Ce qui demeure de ces incohérences, c’est que notre présente réponse au « Et après » ne peut être, selon nos inductions d’expérience, que composantes d’un passé de plaisirs ou de peines — gammes permanentes de toutes les sensations de la vie. Où chercher le « devenir », sinon dans les amorces du présent, selon les compositions du passé ? Rien ne paraît si naturel que d’escompter les temps futurs au profit d’espérances poussées jusqu’à l’hallucination. La cinétique de notre primitive activité mentale le commande. Prenons garde seulement d’être plus affirmatifs sur ce qui arrivera que sur ce qui est arrivé. En remplaçant l’effort par la chimère, c’est sur notre propre sort que nous aurions prononcé.

S’il y avait un dessein dans le monde, notre élan d’anticipation s’en trouverait simplifié. Pour les raisons que j’ai dites, c’est la question fondamentale sur laquelle nos dissentiments s’accusent dans les termes les plus formels. Ceux qui croient posséder les secrets de leur Providence s’en trouvent fort à l’aise pour exposer ce qu’ils ignorent, et nous montrer gravement, dans les feux de l’enfer, le fondement le plus sûr de leur félicité particulière.

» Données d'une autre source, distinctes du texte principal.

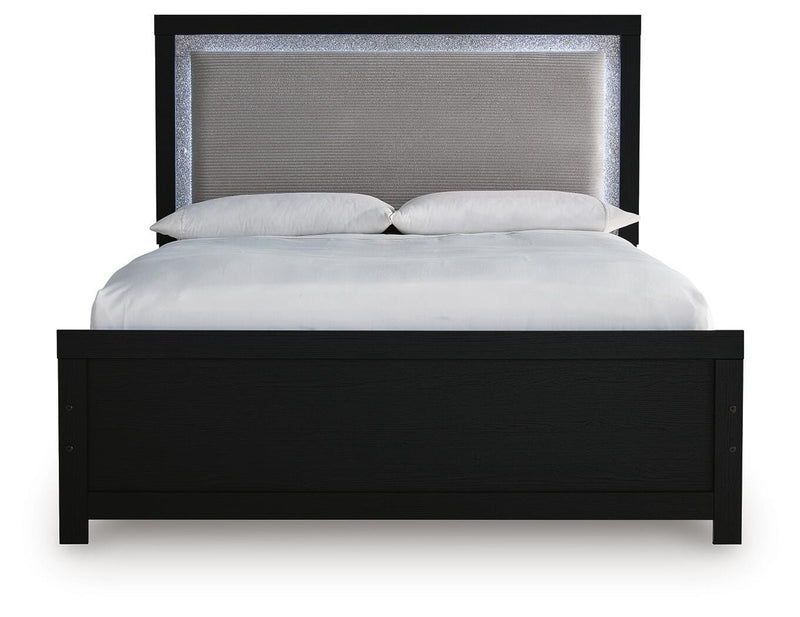 Maeling Queen Upholstered Panel Bed, Dresser and Nightstand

Pour nous, simples humains de l’évolution universelle, nous nous trouvons aux prises avec les phénomènes, sachant bien que leurs stades sans fin auront raison de notre éphémère durée, mais résolus, quoi qu’il arrive, à démasquer, dans la mesure du possible, quelque chose de l’inconnu qui se dérobe à chaque détour de toutes activités. Cependant, nos sectateurs de l’absolu, destinés à « vivre de vent », comme les loups de François Villon, vont, tête à l’aventure, nous reprochant d’être « enfoncés, dans la matière » hors de laquelle, en vérité, l’âme des métaphysiciens eux-mêmes, n’a pas pu jusqu’ici se manifester.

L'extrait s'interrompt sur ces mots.